## What is expected
Pictures stay out of the output. Return exactly the lines below from the one with "Black and Red" down to the one with "Linda Annette White", both included, and nothing more.

## Exercise inputs
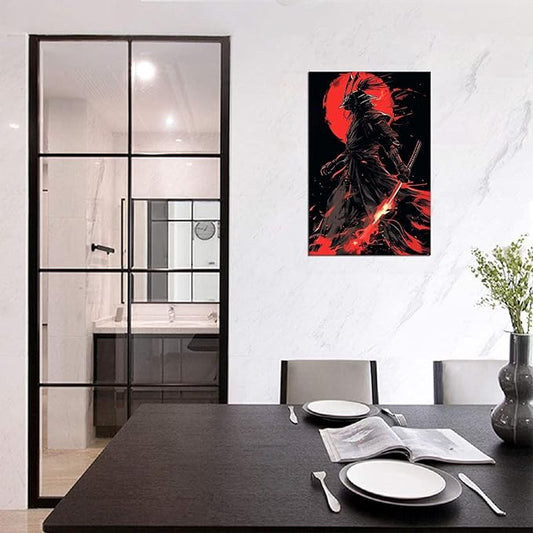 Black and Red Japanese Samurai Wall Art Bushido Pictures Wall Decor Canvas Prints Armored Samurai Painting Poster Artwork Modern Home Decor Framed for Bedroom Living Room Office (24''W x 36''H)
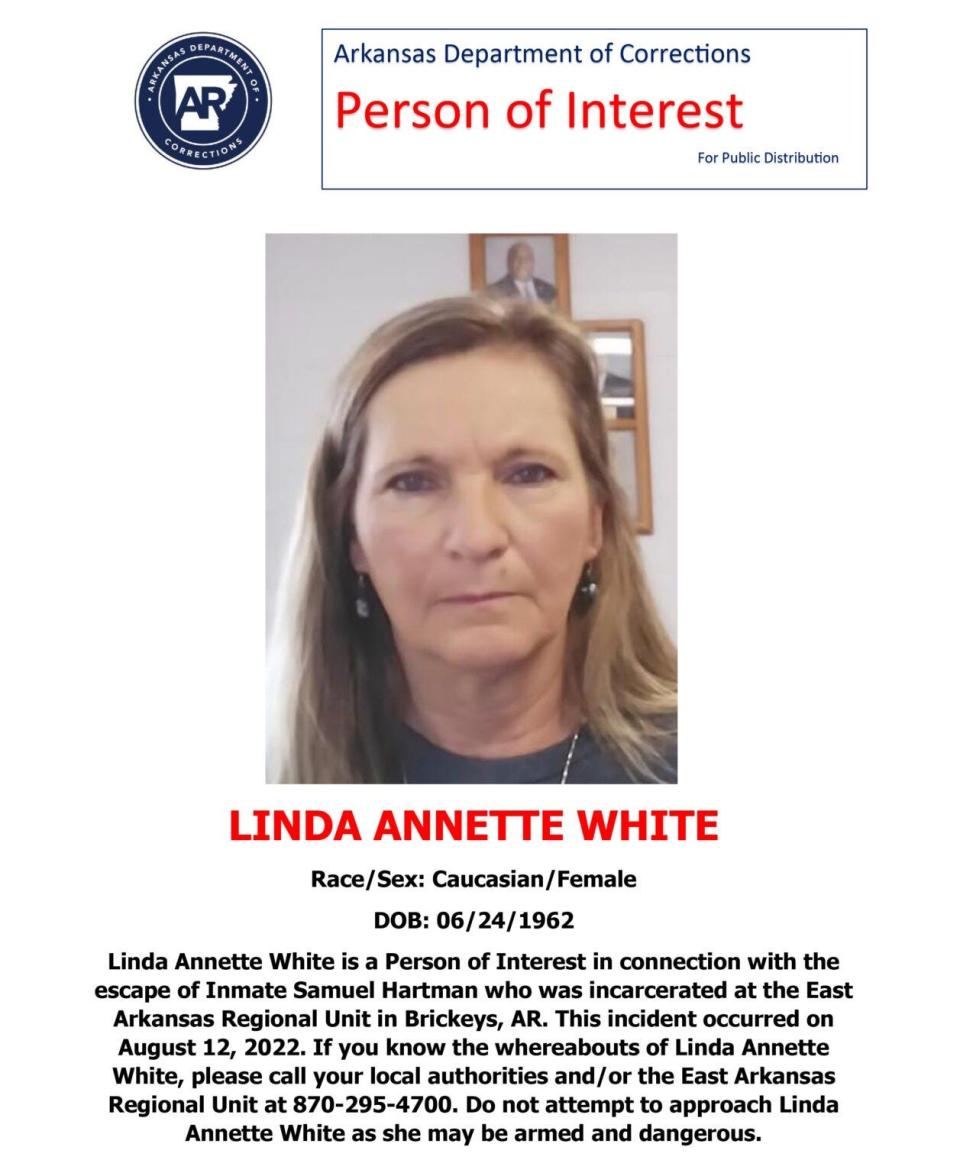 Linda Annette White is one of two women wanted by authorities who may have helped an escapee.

...

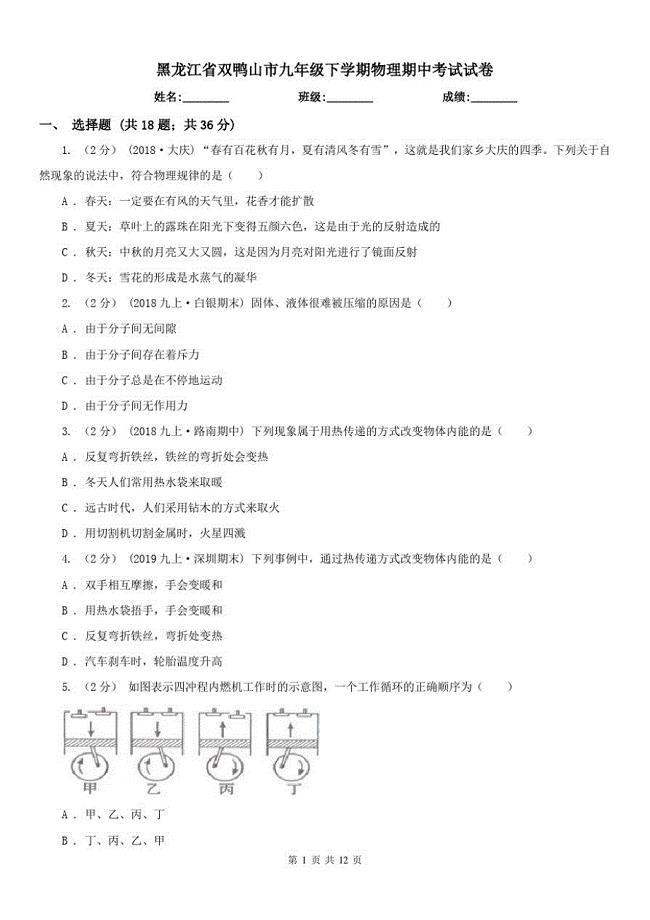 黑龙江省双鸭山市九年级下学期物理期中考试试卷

## Result of this task
 Black and Red Japanese Samurai Wall Art Bushido Pictures Wall Decor Canvas Prints Armored Samurai Painting Poster Artwork Modern Home Decor Framed for Bedroom Living Room Office (24''W x 36''H)
 Linda Annette White is one of two women wanted by authorities who may have helped an escapee.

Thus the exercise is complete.